## ACTION ITEM
Stop after the line holding "Cherry blossom branch on green background". Repeat exactly every line before it in the records below, that line too, and leave out the pictures.

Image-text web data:
------------------------

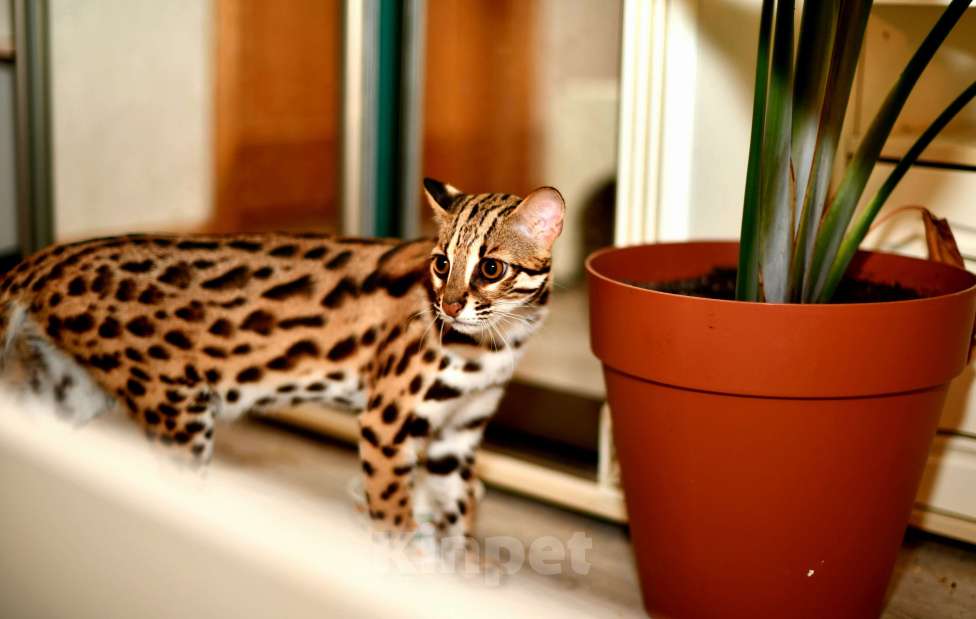 Кошки в других городах Краснодарского края: Азиатские леопардовые бенгальские котята Девочка, 80 000 руб. - фото 1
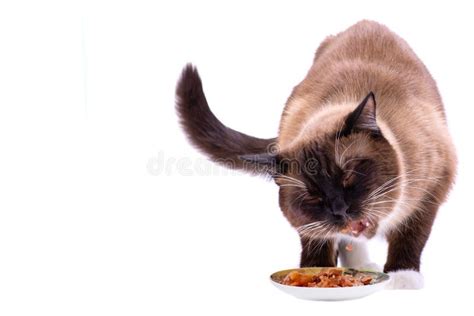 Portrait Brown Snowshoe Siamese Cat Eating Food from Bowl, Isolated on ...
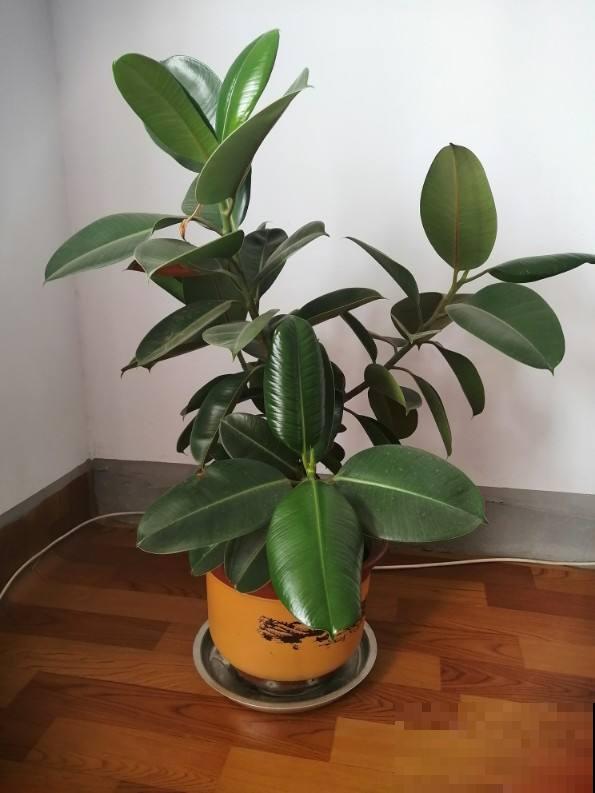 这花叶子变黄，从这3方面考虑，常年碧绿惹人爱！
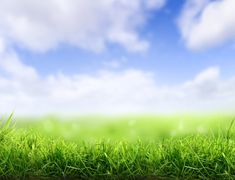 green grass with blue sky and clouds in the background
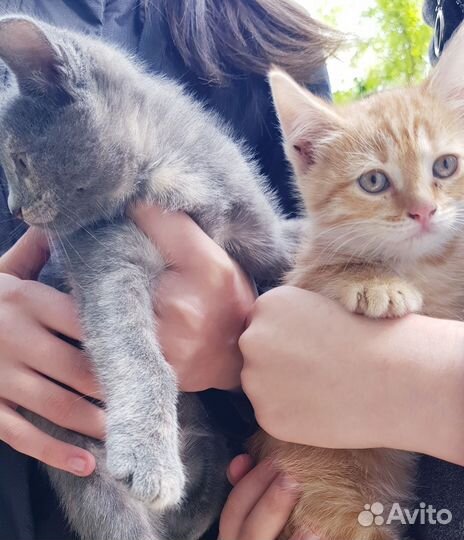 Котейки девочки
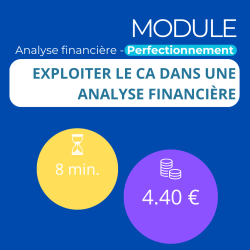 Module - Exploiter le CA dans une analyse financière (ANAFI-P)
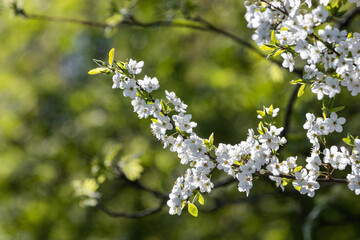 Cherry blossom branch on green background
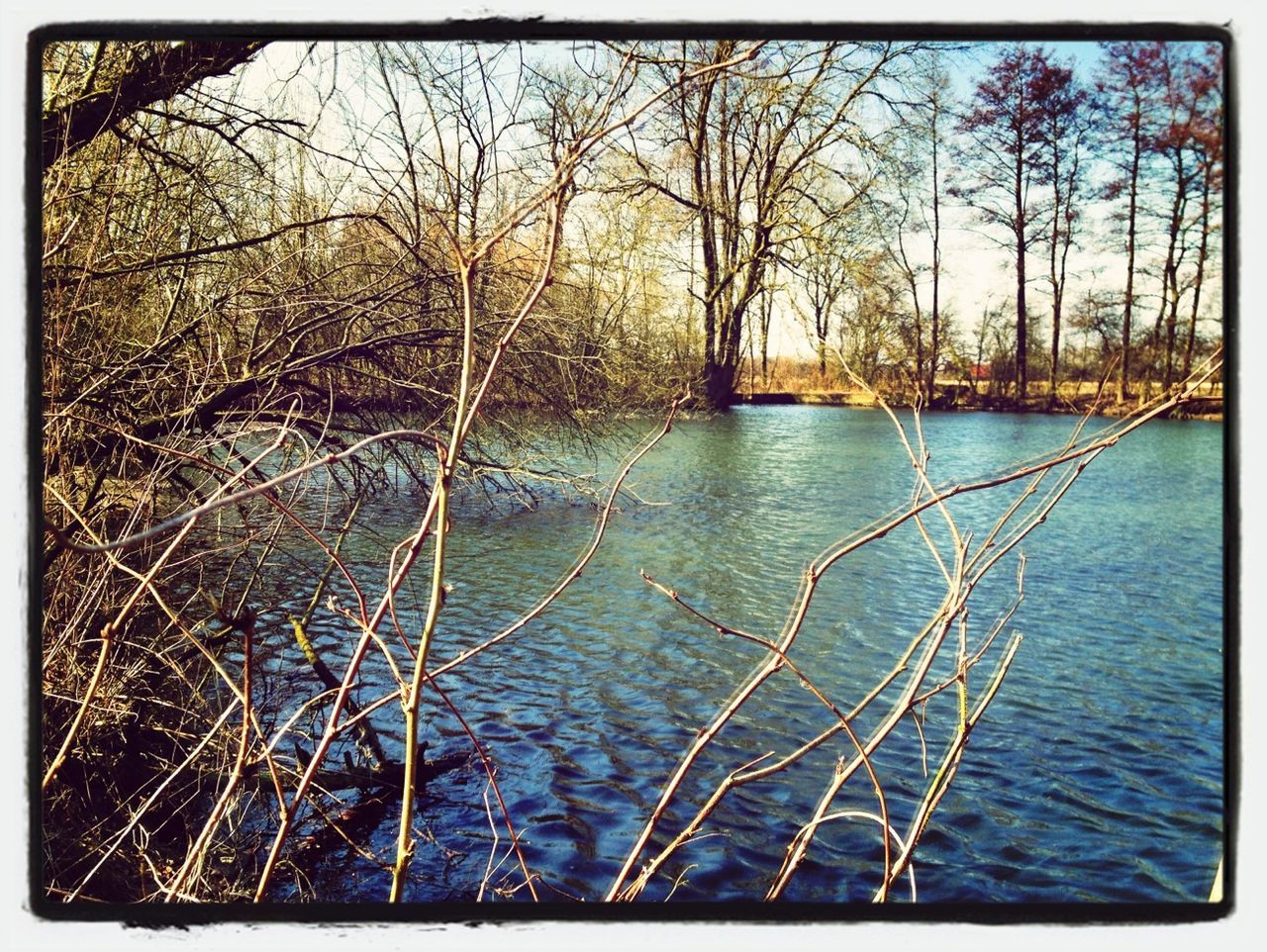 transfer print, water, auto post production filter, bare tree, tree, tranquility, lake, nature, branch, reflection, tranquil scene, beauty in nature, waterfront, scenics, rippled, river, sky, outdoors, blue, day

------------------------

## EXERCISE RESPONSE
 Кошки в других городах Краснодарского края: Азиатские леопардовые бенгальские котята Девочка, 80 000 руб. - фото 1
 Portrait Brown Snowshoe Siamese Cat Eating Food from Bowl, Isolated on ...
 这花叶子变黄，从这3方面考虑，常年碧绿惹人爱！
 green grass with blue sky and clouds in the background
 Котейки девочки
 Module - Exploiter le CA dans une analyse financière (ANAFI-P)
 Cherry blossom branch on green background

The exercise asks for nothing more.